わたくし、もう学院に通って三年になるのに実家の執事に認められたお店にしか入れないんですのよ。それも数が少なくて飽きていたところにこのお店を紹介されましたの。セバスに認められるお店ですもの、自信を持ってくださいな」


 公爵家の執事に認められるお店になって私も鼻が高い。

 それにしても流石は公爵令嬢。学院に在籍している間は自主性を高めるとかなんとかの理由で、長期休暇を除いて侍従の付き添いが禁止されているとはいえ、外出先のチェックが入るんだ。
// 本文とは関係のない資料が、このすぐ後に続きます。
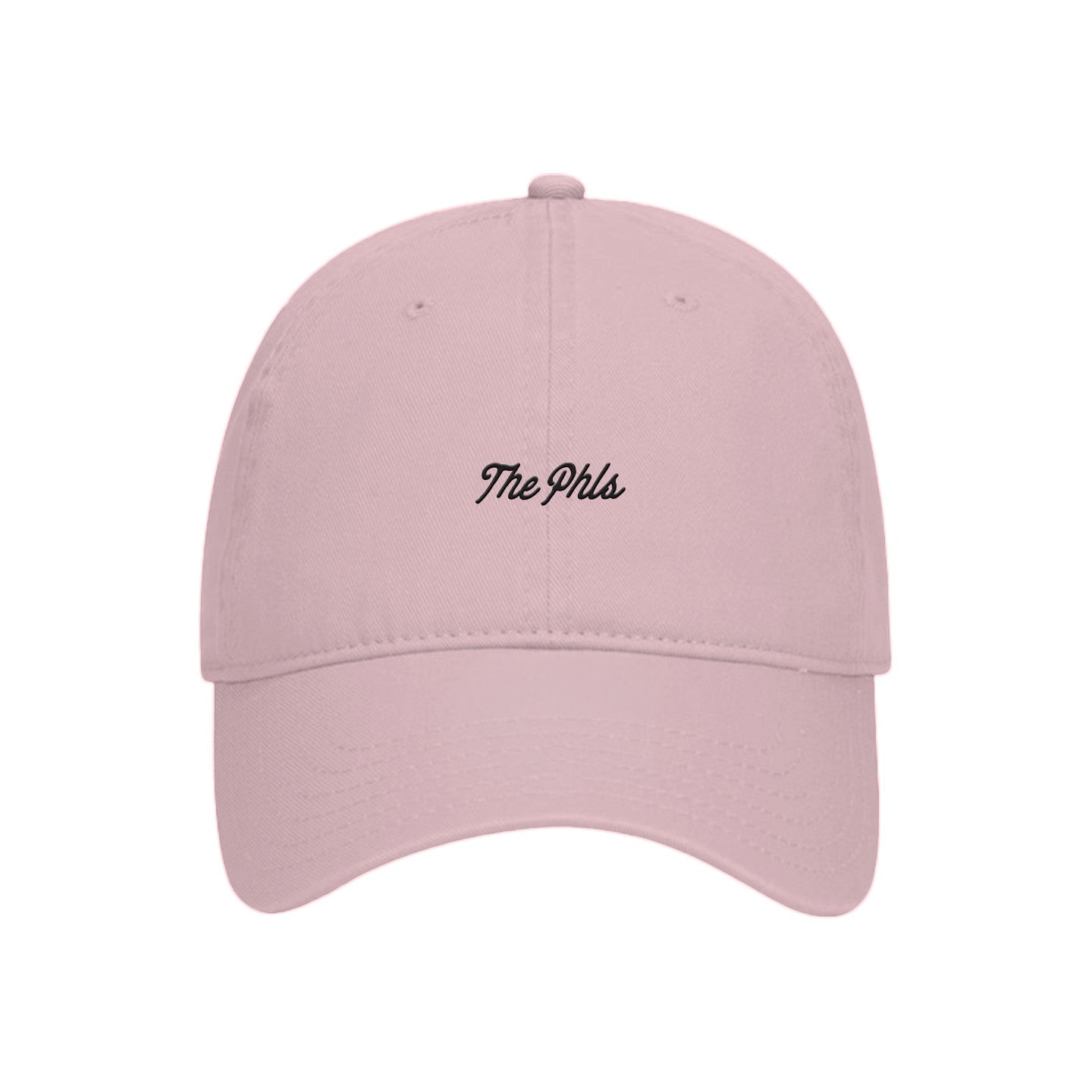 The Phls Script Embroidered Dad Hat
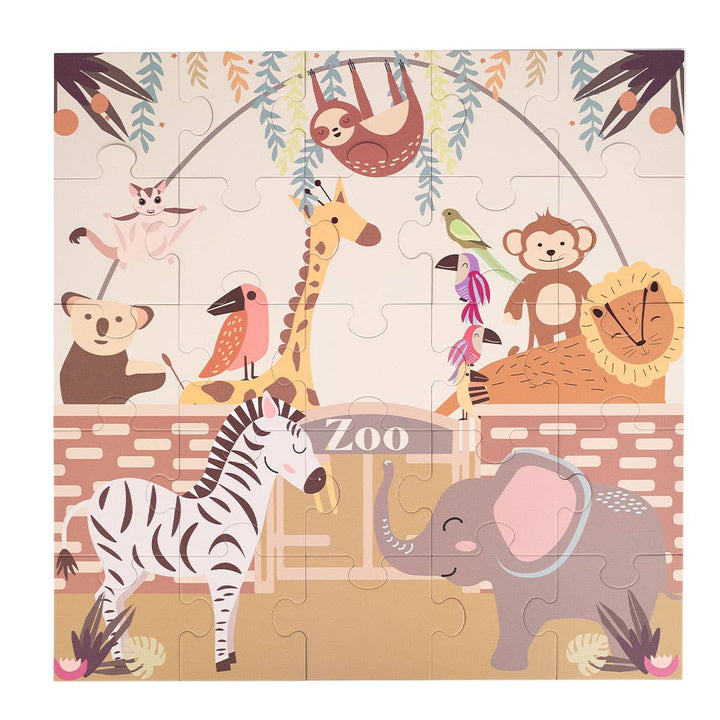 Lucy's Room Zoo Friends Puzzle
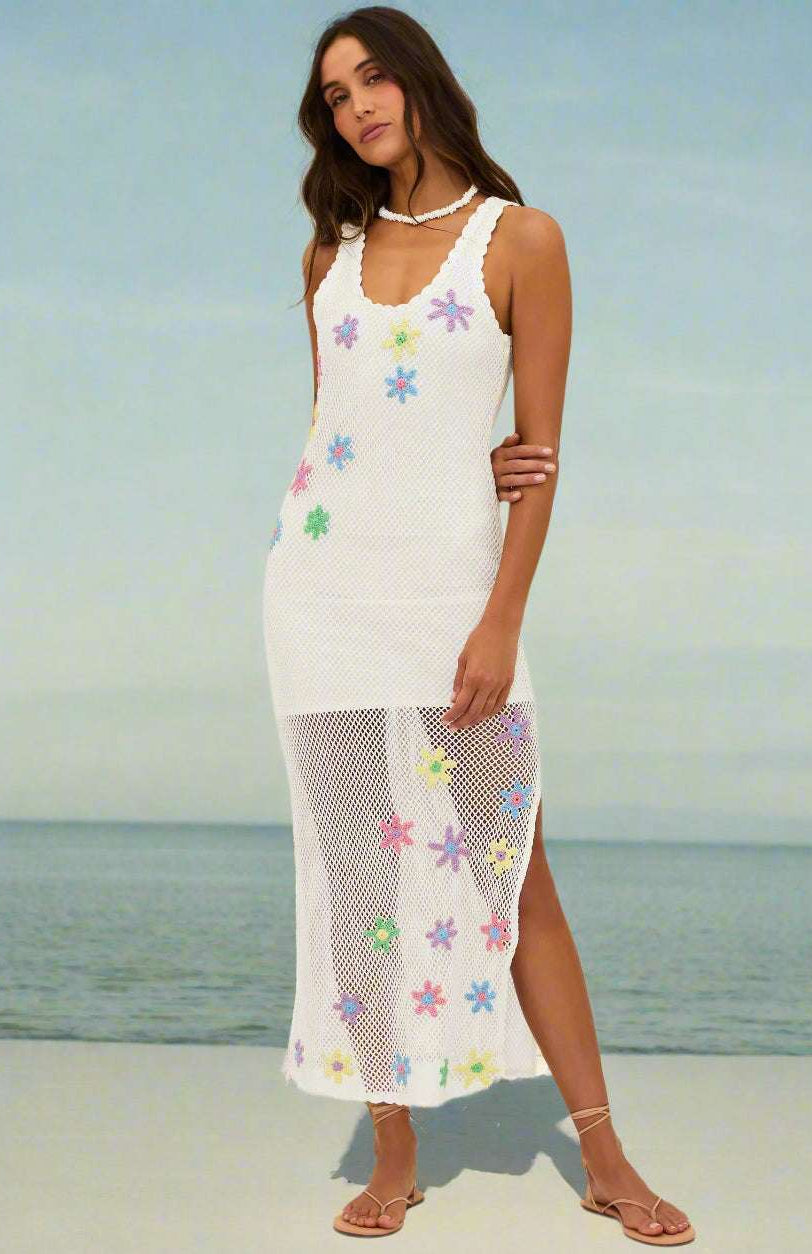 Beach Riot Diana Spring Crochet Dress Dress by Beach Riot as seen on celebrities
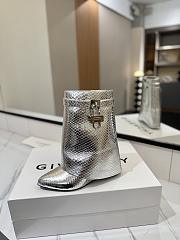 Givenchy Shark Lock Padlock Ankle Boots 05 - 5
「初めてですので、せっかくだから一人でのんびりしたいと思って今日は寄らせていただきましたの。フェリアさんはお店の視察で?」

「いえ、そんな大層なものじゃ……」

「今まで王都に来る機会がほとんどなかったのでフェリアを誘ってさっそく来てみたんです」


 恐縮しきりのフェリアだけど、エルザ様はとても話しやすい方だし、そこまで緊張しなくても良いんじゃないかな。
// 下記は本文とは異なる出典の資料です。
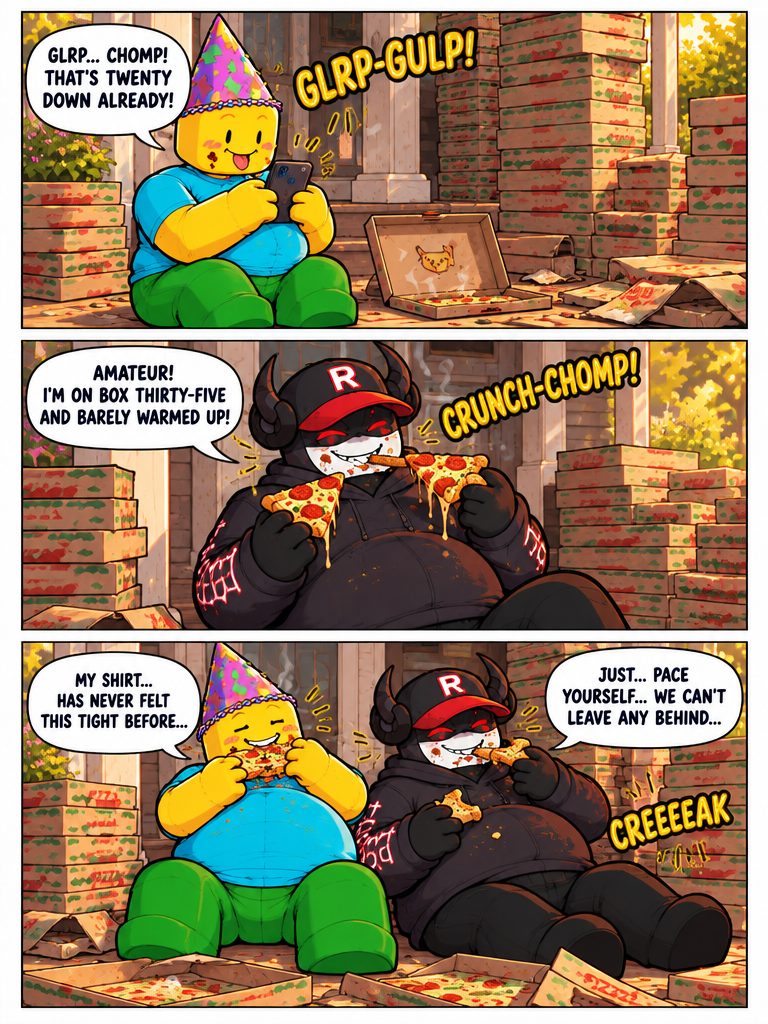 A Hundred Pizzas Later (page 2 of 4)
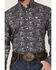 Image #3 - Cinch Men's Paisley Print Long Sleeve Button-Down Western Shirt, Multi, hi-res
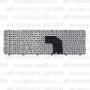 Клавиатура для ноутбука HP Pavilion G6-2131 черная, с рамкой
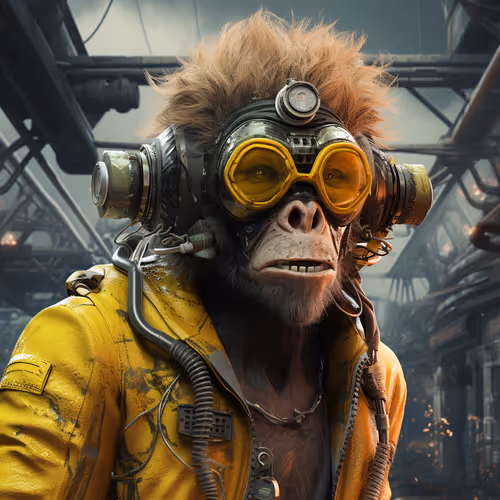 Toxic Mutant Monkey Gang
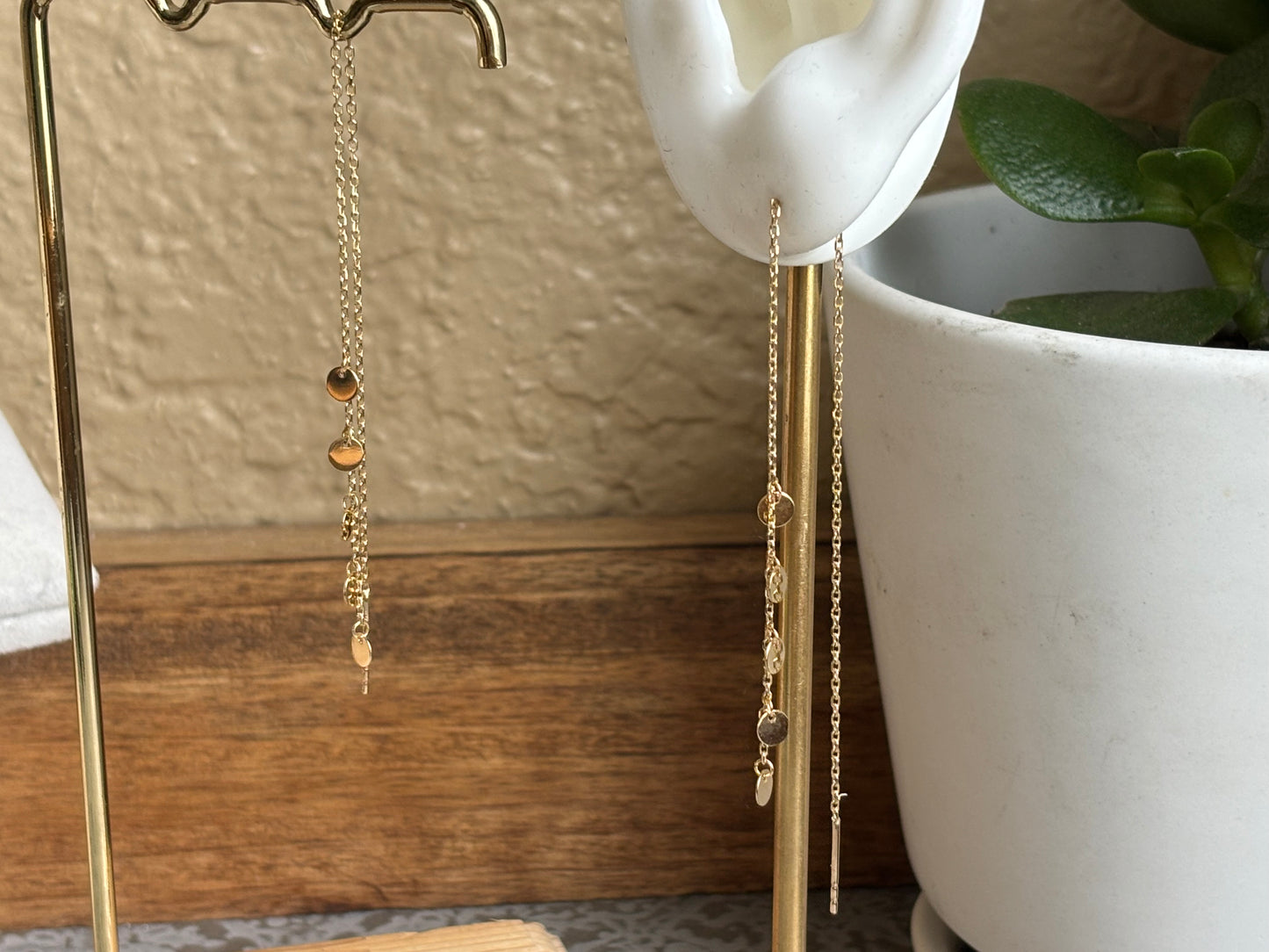 18K Real Gold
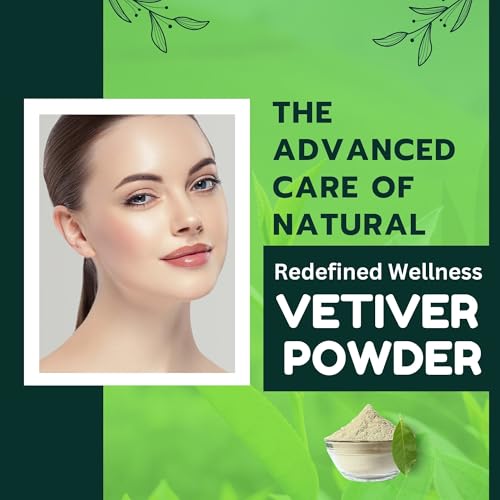BrijBooti Vetiver Root Organic Powder 100 Gr - Khus Root Powder (khus khus powder) - Kas Ramacham - Vetiveria Zizanioides for Hair Growth| Face Scrub| Healthy Skin | FSSAI, GMP, ISO Certified - Image 5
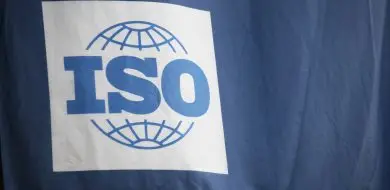 ISO 9001 and ISO 27001 certification logo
 雲の上みたいな方だけど、エルザ様の言った通り、今は学院の先輩と後輩でもあるんだから。


「そうでしたの。でしたらこの後、ご一緒してもよろしいかしら」

「エ、エルザ様がですかっ?」

「ええ。限られているとはいえ、案内できるお店はそれなりに知っていますのよ?」

「是非お願いします!」


 当然、私には断る理由はない。

 恐れ多くて断れないってのもあるけど、エルザ様との繋がりは魅力的だ。

 私は勿論、成り上がりのフェリアにとって学院内での強力な後ろ盾になってくれる。今回の一件が知れて、フェリアが他の生徒から反感を買わないとも限らないし。


「ちょっとレイラ!」

「先輩の言うことは聞くものだって言われたでしょ? それに予定もなかったしありがたいお申し出でしょ」

「もう……貴族だからと思ってたけど、その度胸は天性ね……」


 向けられる視線は果たして呆れか尊敬か。

 どちらでも構わない。原作でのフェリアはレイラの一番の親友。どのルート、どの結末であっても。
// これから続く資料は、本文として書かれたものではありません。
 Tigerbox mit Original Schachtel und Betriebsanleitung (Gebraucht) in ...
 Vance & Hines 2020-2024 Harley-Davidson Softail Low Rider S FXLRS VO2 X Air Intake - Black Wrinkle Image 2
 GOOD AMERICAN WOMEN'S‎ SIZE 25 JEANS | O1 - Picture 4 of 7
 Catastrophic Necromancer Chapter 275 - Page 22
 苦労して手に入れた貴族の位を手放してしまうくらい、私に良くしてくれた。

 そのどれとも違う道を行くと決めたのだ。万が一にもフェリアが私に付き合って貧乏くじを引かないようにしてみせる。


「それじゃあ行きましょうか」


 じゃれあう私たちにエルザ様は微笑み、ロイ君が扉を開けて一礼する。

 正真正銘のご令嬢に成り上がりの平民貴族、異物交じりの似非貴族。冗談みたいなご一行だけれど、楽しい休日になりそうだ。


「いってらっしゃいませ、お嬢様」


 本物に負けないように胸を張って、貴族のお嬢様らしく肩で風を切って参りましょうっ。


「先生もお気をつけて」


 お嬢様らしくっ、参りましょう!




 ◇◆◇◆




 パリス・トウェルタを紹介されたと言っていたからそこまで心配はしていなかったけれど、エルザ様が案内してくれたのは貴族御用達のお店ばかりではなく、庶民的なお店も含まれていた。

 製菓店に雑貨店、裁縫店に書店。勿論、中には私では手が届かないようなお値段の品ばかりが並ぶ宝石店なんかも含まれていたけれど、十二分に楽しめるお店ばかり。

 エルザ様はエンディングによってはセシルリアの代わりにアルベルト様の婚約者になられる方。私の知る限り、今のアルベルト様に婚約者はいない。過去に婚約したという話もない。私はてっきり内々にセシルリアとの婚約が内定しているだけだと思っていたけれど……正直、原作と比べる限りだとセシルリアに勝ち目がないくらい素晴らしい方だ……。

 見た目は金髪ドリルで高飛車な感じなのに、性格はそんなこともなく接しやすく、ユーモアだって解する。パリス・トウェルタの一件で公爵令嬢らしく気高く強い一面を持っていることは疑いようもないけれど。これはセシルにとってかなりの強敵なのでは。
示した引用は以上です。